The Boring Company’s efforts to dig a tunnel system below the Baltimore-Washington Parkway hit an unexpected roadblock recently, after Maryland Assistant Attorney General David Stamper voiced his opposition to the tunneling startup’s permit granted by the State Highway Administration last year.
According to Stamper, the operations of the Elon Musk-led tunneling startup does not align with the company’s current conditional utility permit. Back in October 2017, the SHA granted The Boring Co. a permit to begin digging its tunnels under the Baltimore-Washington Parkway, provided that the tunneling startup meets the necessary requirements.

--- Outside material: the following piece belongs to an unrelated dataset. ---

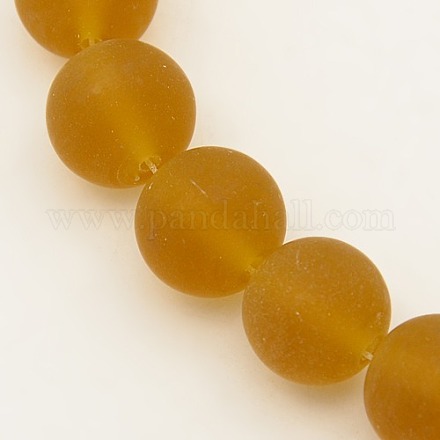 Handmade Frosted Lampwork Round Beads Strands LAMP-L005-14mm-03-1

As noted by the Maryland Attorney General in a letter, however, The Boring Company’s permit was not within the SHA’s rights to give, especially since the tunnels are set to be utilized for Hyperloop transportation.

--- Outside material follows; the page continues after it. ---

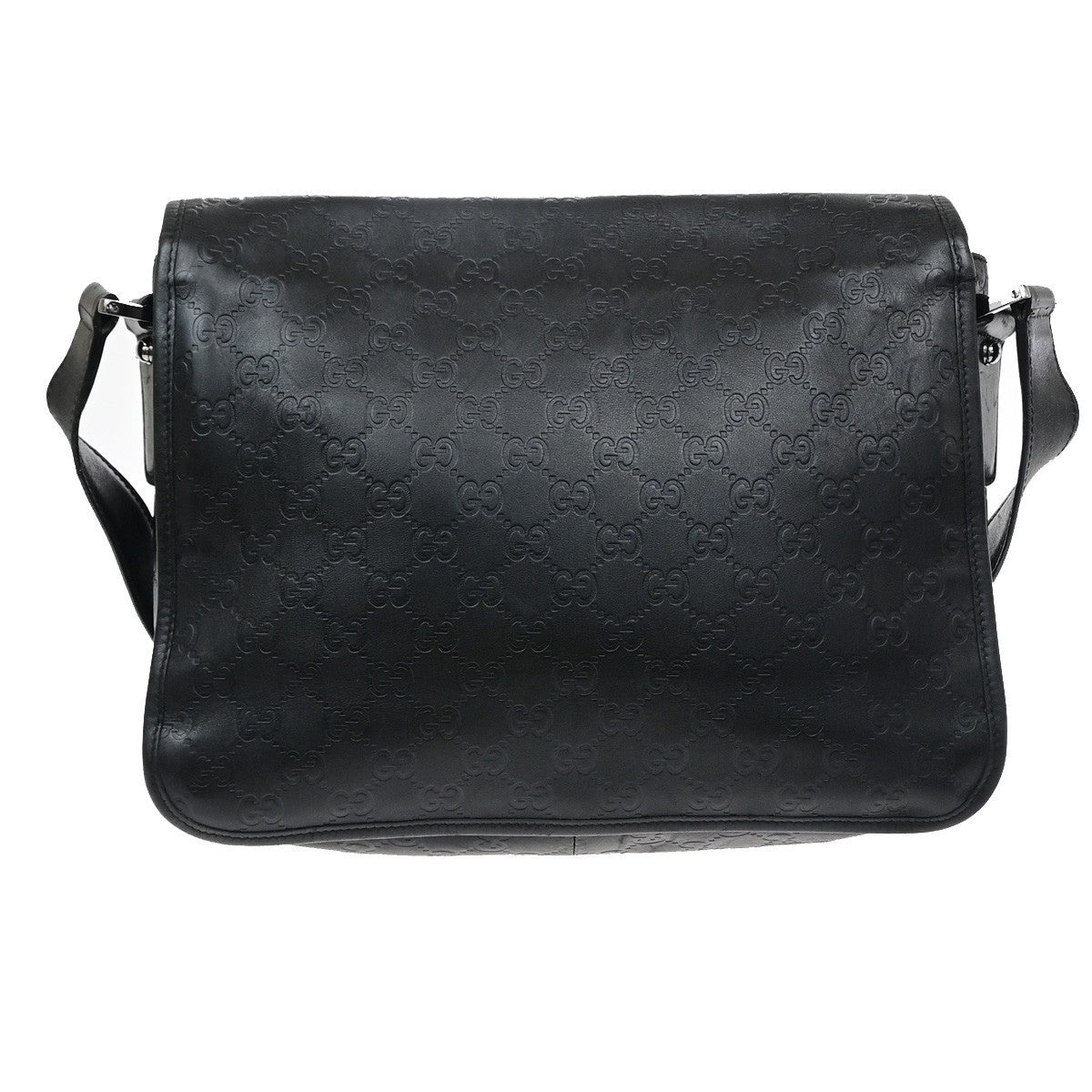 GUCCI GG Pattern Guccissima Shoulder Bag Embossing Leather Black Italy 62SA167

“A Hyperloop system does not produce, transmit, or distribute communications, cable television, power, electricity, light, heat, gas, oil, crude products, water, steam, waste, or ‘other similar commodity. A Hyperloop moves people, automobiles, and cargo. For this reason, I do not believe SHA can authorize the construction of the proposed ‘transportation tunnels’ within the Baltimore-Washington Parkway right-of-way by issuing a utility permit.”
Stamper further asserted that for The Boring Company to acquire the proper permit, the entire project must go through an intensive review and comment process, followed by an easement agreement that must be presented to the Board of Public Works for approval. Only then can The Boring Company start digging.

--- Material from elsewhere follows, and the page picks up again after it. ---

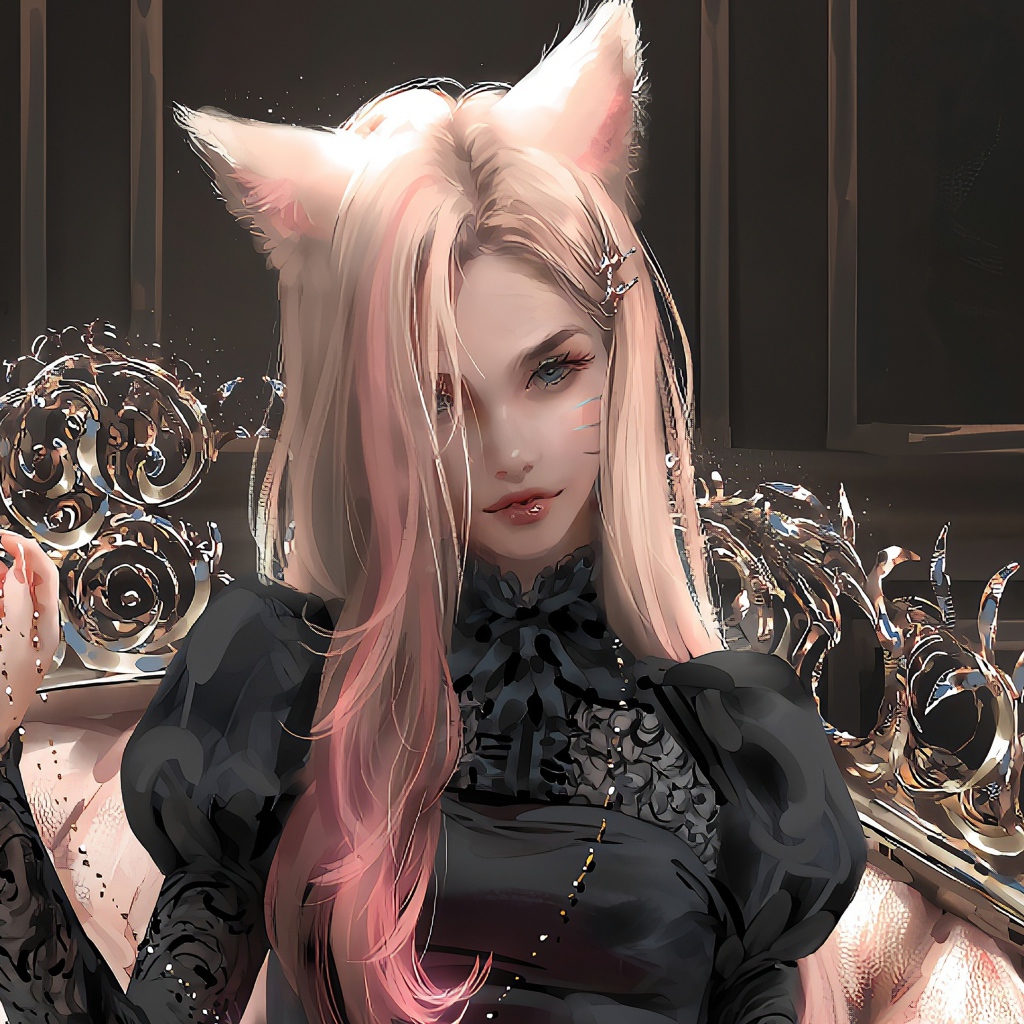 Фантастическая девушка кошка в черном наряде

The Attorney General, however, explained that the state is not prohibiting the construction of the tunnel system at all. According to Stamper, his grievances only lie in the permit of the tunneling startup, nothing more.
“There very well may be some process for authorizing such a project. But I do not believe SHA can authorize construction of a Hyperloop system within the right-of-way of the B-W Parkway simply by issuing a utility permit,” Stamper wrote, according to The Baltimore Sun.
Maryland’s Department of Transportation, however, has taken a stern opposing stance towards the Attorney General’s opposition to The Boring Company’s Baltimore-Washington Parkway project. In a statement to the Sun, MDOT spokeswoman Erin Henson asserted that the permits for the tunneling startup’s initiatives could be resolved in a rather simple manner.
“We respectfully disagree with the advice provided by the Assistant Attorney General for the General Assembly, which was given without consulting with the Maryland Department of Transportation. Instead of 10 pages, we could have clarified in one that MDOT does have the right and responsibility to permit construction under state highway right of way, including the conditional permit issued to The Boring Company to build a concrete shell under the Baltimore-Washington Parkway.
“As stated months ago, the Federal Railroad Administration would provide the appropriate federal approvals for Hyperloop. Maryland should be proud to be the home for leading technology that can add one more tool to fight congestion that plagues Marylanders every day.”
For now, at least, it seems like the developments in The Boring Company’s Maryland initiative are the last thing from being boring.